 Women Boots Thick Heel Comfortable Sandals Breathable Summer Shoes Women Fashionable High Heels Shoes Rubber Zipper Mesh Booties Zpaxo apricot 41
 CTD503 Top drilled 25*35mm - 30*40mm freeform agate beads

--

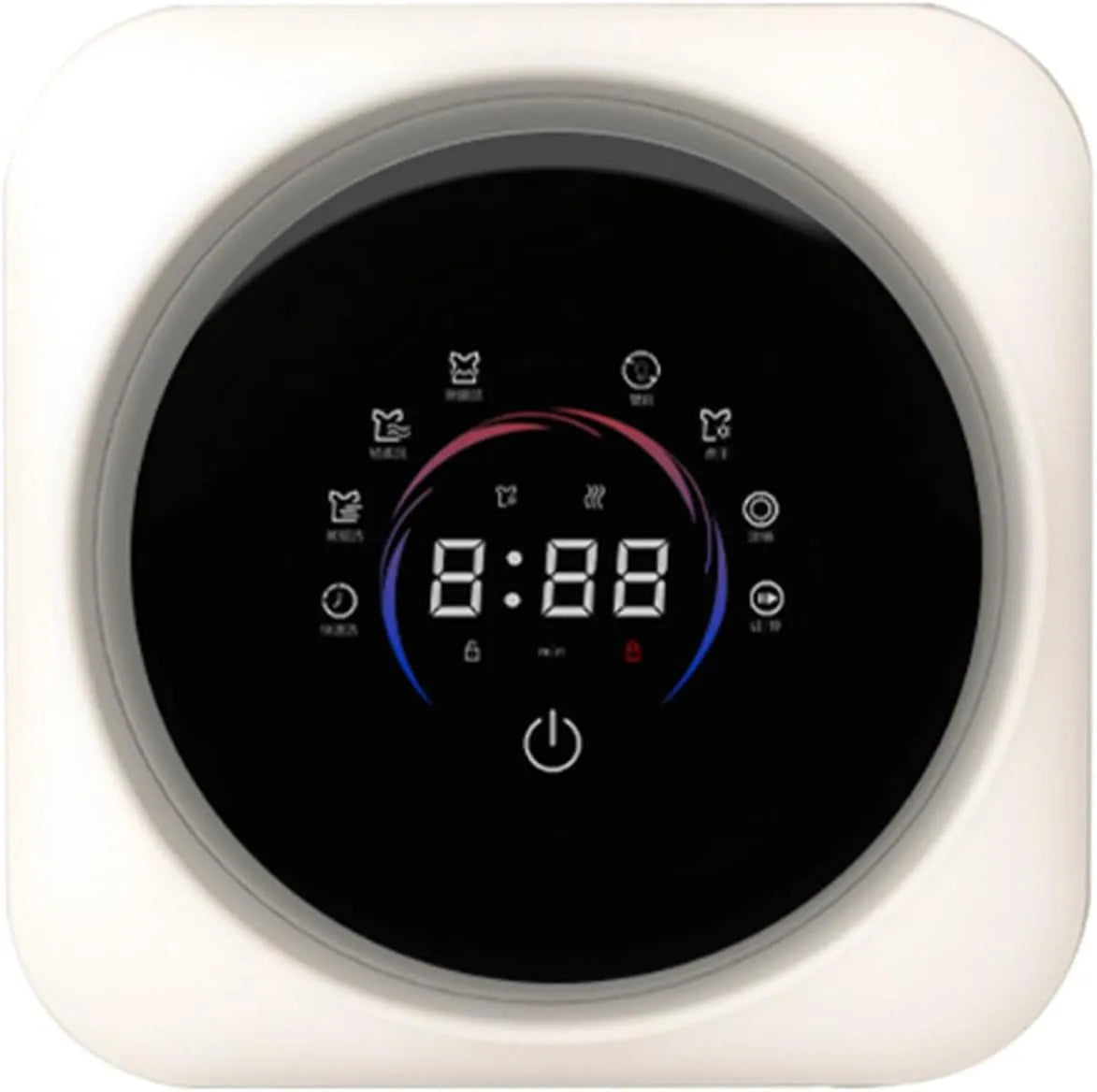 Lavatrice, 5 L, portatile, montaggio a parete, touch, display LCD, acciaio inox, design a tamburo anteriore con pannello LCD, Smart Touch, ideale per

*TRY IT*: Above are the records; copy exactly the lines from the line with "Women Boots Thick" through the line with "CTD503 Top drilled", both included.

*ANSWER FOR THE TASK*:
 Women Boots Thick Heel Comfortable Sandals Breathable Summer Shoes Women Fashionable High Heels Shoes Rubber Zipper Mesh Booties Zpaxo apricot 41
 CTD503 Top drilled 25*35mm - 30*40mm freeform agate beads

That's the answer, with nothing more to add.